Notre regards portaient sur une mer plate, comme le pays, à peine ondulante au passage des skutsjes, bateaux à fond plat, typiquement hollandais donc, voiliers des canaux ou péniches des mers intérieures.
L’arrivée au port avait un air de scandinavie, du moins ce que j’en imagine avec ses maisons en bois vertes, noires et blanches.
Désormais protégées des grandes marées par la digue, les rez-de-chaussé sont descendus d’un cran, les maisons autrefois sur pilotis ont donc un rez-de-jardin de brique et deux étages de bois.
Ses jardins sont vivants, de bricoleurs du weekend, d’enfants jouant à se faire peur en faisant les équilibristes au bord des canaux, de chèvres bien portantes ses rues sont désertes, sauf quand un bus “Sightseeing tour ” débarque d’Amsterdam
Avec les éclaircies tant attendues, Marken aurait pu être le sommet sous le niveau de la mer de notre journée.
Une étroite piste cyclable en brique et herbes folles partait du port et longeait la mer, son état cabossé et mal entretenu sortait du cadre trop policé, mais bien pratique, des balades en vélo hollandaises mais rapidement elle rejoignait la digue qui reliait Marken aux terres des Waterlands. Et qui dit digue dit route et piste cyclable en or avec d’un côté la mer, de l’autre la mer.
A la première intersections après les éoliennes un panneau indiquait “gauche : Amsterdam 3 km”, “tout droit : Amsterdam 6 kilomètres”. J’étais bien étonnée car j’en avait compté plus de 25 le matin même sur l’Internet de Google, les géomètres des chemins de traverses néerlandais seraient donc faillibles. Le hasard est le meilleur ami du voyageur, c’est toujours lui qui nous fait découvrir des endroits inespéré et qui finalement ouvre l’esprit de celui qui se met en chemin. Alors nous l’avons suivi.
Il nous a mené sur une autre digue, moins bétonnée, où la Markermeer rejoint l’Ijmeer, où s’il n’est pas étonnant de n’avoir pour horizon que de l’eau sur notre gauche, il l’est plus sur notre droite. Et pourtant, les Waterlands ce sont des terres, des canaux, des étangs des marécage et finalement beaucoup d’eau.
Le village au bout de la digue porte bien son nom “Uitdam” : littéralement “Sortie de Digue”. Des deux côtés de la route des maisons, toutes plus chaleureuses les unes que les autres.
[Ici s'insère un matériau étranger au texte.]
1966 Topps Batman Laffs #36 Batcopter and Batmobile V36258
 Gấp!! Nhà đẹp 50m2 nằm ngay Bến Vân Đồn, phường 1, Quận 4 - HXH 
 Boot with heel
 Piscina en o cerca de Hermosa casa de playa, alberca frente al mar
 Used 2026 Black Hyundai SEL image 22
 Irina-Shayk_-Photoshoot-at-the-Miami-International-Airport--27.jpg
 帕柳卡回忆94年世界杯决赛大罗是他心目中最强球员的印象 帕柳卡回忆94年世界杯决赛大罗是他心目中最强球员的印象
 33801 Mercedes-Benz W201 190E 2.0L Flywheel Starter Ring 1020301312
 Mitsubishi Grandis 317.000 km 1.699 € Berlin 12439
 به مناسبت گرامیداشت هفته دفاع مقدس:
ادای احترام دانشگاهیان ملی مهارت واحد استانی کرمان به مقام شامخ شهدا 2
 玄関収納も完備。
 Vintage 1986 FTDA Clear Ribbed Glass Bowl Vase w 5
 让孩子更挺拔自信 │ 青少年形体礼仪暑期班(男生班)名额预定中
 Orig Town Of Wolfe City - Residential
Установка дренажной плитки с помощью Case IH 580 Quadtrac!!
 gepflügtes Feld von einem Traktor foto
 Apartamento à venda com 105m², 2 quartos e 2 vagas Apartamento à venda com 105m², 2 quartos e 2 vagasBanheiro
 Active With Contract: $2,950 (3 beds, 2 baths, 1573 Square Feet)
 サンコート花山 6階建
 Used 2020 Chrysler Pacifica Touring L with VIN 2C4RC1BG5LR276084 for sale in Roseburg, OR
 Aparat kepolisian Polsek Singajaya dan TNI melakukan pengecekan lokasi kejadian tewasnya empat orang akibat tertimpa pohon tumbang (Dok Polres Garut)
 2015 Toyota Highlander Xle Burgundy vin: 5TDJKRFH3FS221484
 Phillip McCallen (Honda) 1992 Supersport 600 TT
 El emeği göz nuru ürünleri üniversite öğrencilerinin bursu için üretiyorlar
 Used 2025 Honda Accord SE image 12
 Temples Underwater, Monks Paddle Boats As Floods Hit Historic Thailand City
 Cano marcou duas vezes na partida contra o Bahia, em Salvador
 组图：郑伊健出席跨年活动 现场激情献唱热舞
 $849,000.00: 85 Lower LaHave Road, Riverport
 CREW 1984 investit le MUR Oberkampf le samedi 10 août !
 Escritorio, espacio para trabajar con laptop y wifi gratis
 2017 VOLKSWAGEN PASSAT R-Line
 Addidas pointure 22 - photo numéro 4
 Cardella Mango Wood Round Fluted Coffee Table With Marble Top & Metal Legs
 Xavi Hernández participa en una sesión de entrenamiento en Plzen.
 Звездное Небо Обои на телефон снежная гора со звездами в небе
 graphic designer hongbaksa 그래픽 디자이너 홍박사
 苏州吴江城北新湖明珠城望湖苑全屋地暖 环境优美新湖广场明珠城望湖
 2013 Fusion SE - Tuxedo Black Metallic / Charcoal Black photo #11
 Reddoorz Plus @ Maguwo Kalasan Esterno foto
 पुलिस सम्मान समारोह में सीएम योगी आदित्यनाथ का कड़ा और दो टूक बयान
Au milieu de la route, des voitures certes mais très peu, des moucherons : par nuages entiers, ils viennent se coller à nos larmes, trouver refuge dans nos narines et contrarier notre régime végétarien. On les voit de loin, sur le point de les fendre la seule solution est de fermer les yeux, la bouche et de ne plus respirer.
J’espère au fond de moi que ces indésirables font baisser le prix de l’immobilier car depuis que nous roulons nous traversons des villages idylliques dans lesquels je m’installerais bien, si proche d’Amsterdam.
Cela fait trois mois que nous sommes là et nous ne savions pas que, face à mon bureau, de l’autre côté de l’Ijmeer se trouve le paradis.
Le paradis des Grèbes Huppées qui ne sont dérangés que par ces deux Français sur vélos dans leurs danses nuptiales printanière. Le paradis des gens huppés en réalité. Chaque village possède son port de plaisance et après vérification il s’avère que ces petites maisons sont hors budget, peut être pourrions nous nous en offrir une demie, tant pis.
Nous continuerons à profiter des avantages et inconvénients de la vie au coeur d’une capitale européenne pédalant au hasard pour rejoindre nos petits paradis de découverte à nous.
je vois que tu progresses en néerlandais ………..^^
vu de plus près, l’arbre du voisin est un magnolia
que de beaux paysages !!! j’adore !!